MedStar Heart and Vascular Institute | Sudden Cardiac Arrest - MedStar Heart and Vascular Institute

The largest cause of natural death in the U.S.

Sudden cardiac arrest is a medical emergency triggered by an abrupt loss of heart function, known as sudden cardiac arrest. This medical emergency is triggered by an electrical disturbance in the heart that stops it from beating and pumping blood to the rest of your body.

Sudden cardiac arrest is not the same as a heart attack. Heart attacks occur when a blockage in a coronary artery prevents blood from reaching the heart. While a heart attack can trigger an electrical disturbance, most do not lead to sudden cardiac arrest.

What are the symptoms of sudden cardiac arrest?

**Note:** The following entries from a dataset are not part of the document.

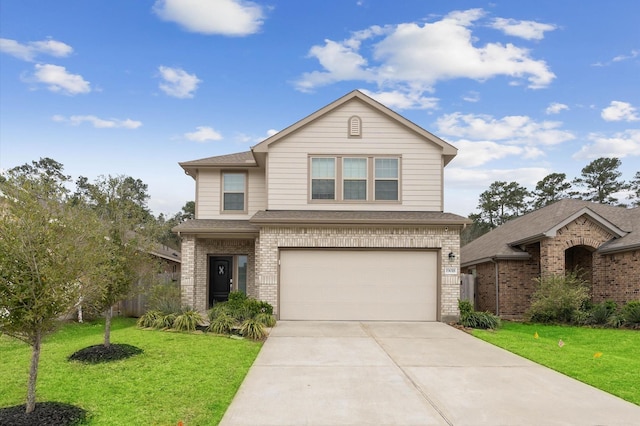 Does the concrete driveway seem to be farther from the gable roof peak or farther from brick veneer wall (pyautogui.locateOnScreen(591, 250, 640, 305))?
brick veneer wall (pyautogui.locateOnScreen(591, 250, 640, 305))

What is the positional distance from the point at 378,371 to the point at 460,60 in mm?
13226

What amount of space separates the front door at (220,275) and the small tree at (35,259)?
1154cm

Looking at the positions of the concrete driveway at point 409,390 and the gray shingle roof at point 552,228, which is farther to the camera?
the gray shingle roof at point 552,228

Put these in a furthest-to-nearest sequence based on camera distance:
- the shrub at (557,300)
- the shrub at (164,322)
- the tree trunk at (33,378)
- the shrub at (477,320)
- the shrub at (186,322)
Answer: the shrub at (557,300) < the shrub at (477,320) < the shrub at (164,322) < the shrub at (186,322) < the tree trunk at (33,378)

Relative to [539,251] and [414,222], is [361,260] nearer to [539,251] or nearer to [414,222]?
[414,222]

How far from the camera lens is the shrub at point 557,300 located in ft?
50.5

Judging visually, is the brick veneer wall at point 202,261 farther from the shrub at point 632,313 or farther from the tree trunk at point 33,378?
the shrub at point 632,313

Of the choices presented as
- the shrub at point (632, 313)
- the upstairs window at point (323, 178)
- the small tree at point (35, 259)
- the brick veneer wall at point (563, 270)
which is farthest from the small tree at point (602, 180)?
the small tree at point (35, 259)

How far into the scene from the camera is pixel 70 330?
12.9 meters

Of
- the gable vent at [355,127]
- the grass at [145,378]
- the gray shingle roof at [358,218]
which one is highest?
the gable vent at [355,127]

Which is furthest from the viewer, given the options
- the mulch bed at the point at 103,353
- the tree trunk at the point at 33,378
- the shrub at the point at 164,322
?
the shrub at the point at 164,322

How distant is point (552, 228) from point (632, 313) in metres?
3.50

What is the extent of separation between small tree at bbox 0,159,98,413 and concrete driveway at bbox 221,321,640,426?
2444mm

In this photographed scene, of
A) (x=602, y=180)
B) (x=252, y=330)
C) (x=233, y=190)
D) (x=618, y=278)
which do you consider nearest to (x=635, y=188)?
(x=602, y=180)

A lack of blood flow to the brain will cause a person to lose consciousness, stop breathing, and have no pulse within minutes. Death will follow without immediate medical care. People can survive sudden cardiac arrest if bystanders take fast action to help by calling 911 immediately and starting cardiopulmonary resuscitation (CPR) or using an automated external defibrillator (AED), found in many public locations, until emergency personnel arrive.

What are the causes of sudden cardiac arrest?

The most common cause of sudden cardiac arrest is an arrhythmia, or abnormal heart rhythm, particularly ventricular fibrillation.

Other heart conditions that can disrupt the heart’s rhythm include:

Tests

Individuals who survive sudden cardiac arrest will require diagnostic and imaging procedures to prevent it from happening again.

Angiogram (Angiography)

An angiogram is a special X-ray taken as a special dye is injected through a thin, flexible tube called a catheter to detect blockages or aneurysms in blood vessels.

Chest X-ray

Chest X-rays use a small dose of radiation to create pictures of the structures inside the chest, including the lungs, heart, and chest wall.

Computerized Tomography (CT) Scan

The cardiac computed tomography scan, or cardiac CT, uses X-rays to create three-dimensional images of your heart and blood vessels.

Echocardiogram

An echocardiogram uses high-frequency sound waves to create images of your heart.

Electrocardiogram (ECG)

An electrocardiogram, also known as an ECG, measures the heart’s electrical activity.

Event Monitors

An event monitor is a small device that records the heart’s electrical activity. It’s similar to an electrocardiogram, but whereas an electrocardiogram takes place over a few minutes, an event monitor measures heart rhythms over a much longer time.

Holter Monitors

A Holter monitor is a small device that records the heart’s electrical activity. It’s similar to an electrocardiogram, but whereas an electrocardiogram records over a few minutes, a Holter monitor records over the course of a day or two.

Stress Tests

Stress tests are used to assess how your heart works during physical activity. There are several types of stress tests, including treadmill or bike stress tests, nuclear stress tests, stress echocardiograms, and chemically induced stress tests.

Treatments

Sudden cardiac arrest can be counteracted with CPR or a defibrillator before leading to sudden cardiac death, but action must be taken immediately. Once you arrive at the hospital, doctors will work to stabilize your heart rhythm. They also will address any underlying heart conditions to reduce your risk of another cardiac arrest.

Implantable Cardioverter Defibrillator (ICD)

An implantable cardioverter defibrillator (ICD) is a device implanted below your collarbone that monitors your heart’s rhythm. When it detects an abnormal rhythm, it delivers an electrical impulse or shock to the heart to correct it.